Now comes 2023, or Year 7 under Shanahan and his handpicked wingman, general manager John Lynch.

“Trust is earned and reestablished in any relationship,” York said of the duo. “That’s what you need in order to be successful. You have to make mistakes in order to get to a championship.”

Mistakes like drafting Solomon Thomas and Reuben Foster in 2017, like trading for a high-priced but injury-prone Dee Ford, like overpaying for Jerick McKinnon, and, in a move the jury is still deliberating, mortgaging first-round picks to move up for Trey Lance.

Other unsuspecting moves panned out, however, the last two of which propelled them into last season’s playoffs (see: Christian McCaffrey’s trade, Brock Purdy’s baptism).

York won’t publicly second-guess roster moves. For example, he said Tuesday: “I wouldn’t change anything that we’ve made about the decision with Trey. I think Trey has a chance to be great.”

The 49ers’ current business model revolves around paying superstars top-of-the-market value — Nick Bosa’s payday is in four months. Offsetting those expenses are young quarterbacks on rookie contracts. Two years from now, they’ll gladly reward a winning and healthy quarterback (Purdy, Lance, maybe Sam Darnold). That time gap allowed them to pull money from their 2024 coffers to spend now on free agent Javon Hargrave.

When the 49ers have spent largesse to re-sign players or the rare free agent, Shanahan and especially Lynch make sure to publicly thank the Yorks for their financial and overall commitment, even if some big fishes eventually do get away (see: Laken Tomlinson last year).

“Al Davis, when I coached, never turned down one thing that I wanted for the football team,” Madden told me in 2006.

Everyone wants a championship. For Madden and Davis, they won the Raiders’ first of three in 1976.

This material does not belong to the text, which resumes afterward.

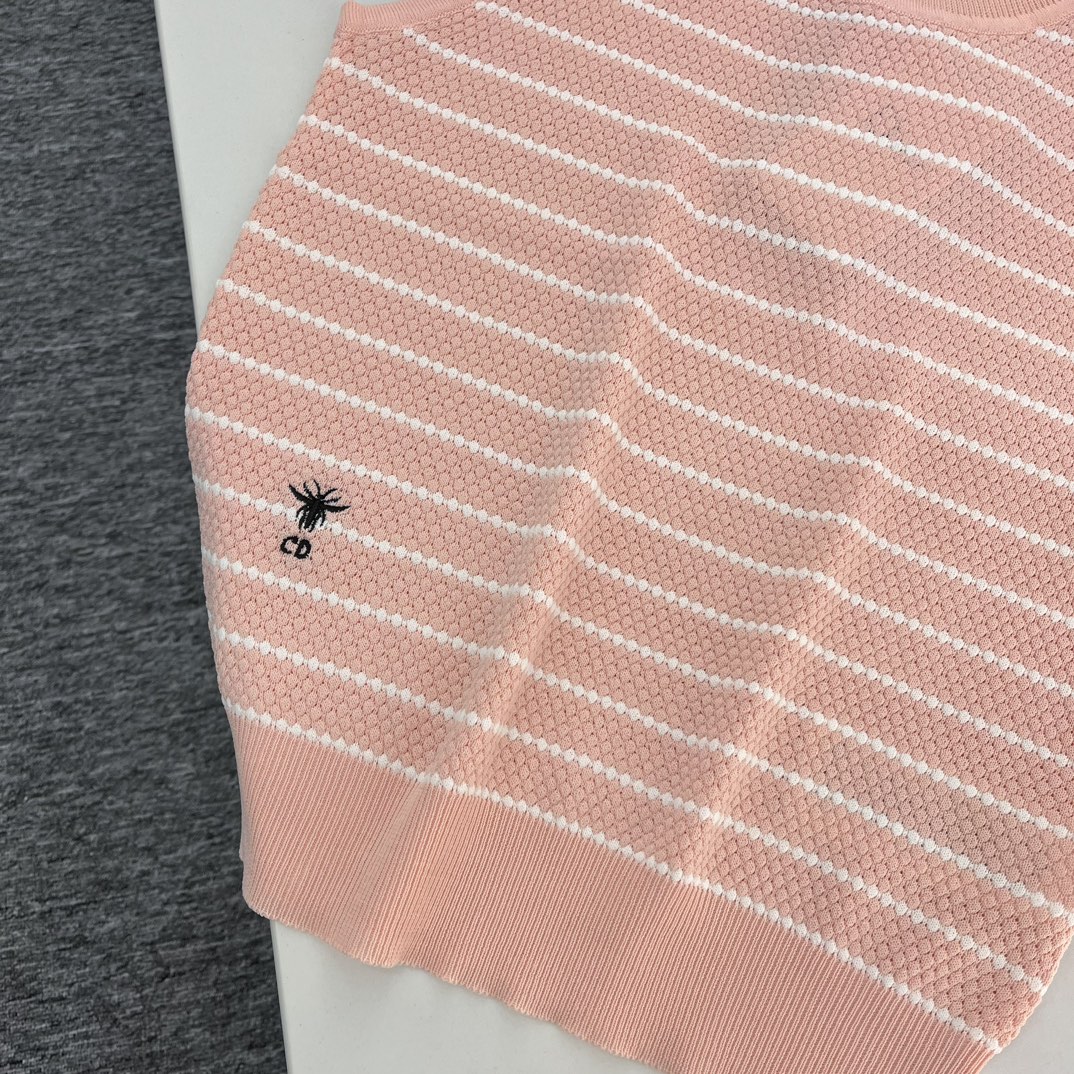 ディオール セーター レディースコピー トップス 無袖 シンプル ニット 通気性いい 縞模様 ファッション ピンク_5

“It was big and exciting for us,” Davis recalled. “I can remember saying, ‘John now takes his place in the sun.’ ”

Davis presented Madden for his Hall of Fame induction 30 years later. Madden died 15 months ago, at age 85; Davis passed away a decade earlier, at 82.

York is 42, a year younger than Shanahan, and expect their union to last at least as long as the Davis-Madden decade.

“I feel we treat our players with respect, and we can always do a better job,” York said. “That started with my uncle (Eddie DeBartolo, the 49ers’ owner during their five Super Bowl wins). He made sure they got everything they need.”

The annual budget now must accommodate a $1 million layover between East Coast road games, which they’ve done at The Greenbrier in West Virginia the past three seasons. The 2023 schedule includes five trips to Eastern Time Zone teams.

“If you have to spend $1 million to stay somewhere, but that takes 10 hours of travel out and takes inflammation out of guys’ bodies and it gives you a better chance to win, I will spend $1 million any time to win a game,” York said. “Al Davis had a great quote about that.”

Yes, Al had a lot of great quotes, summed up best by this one: “Just win, baby.”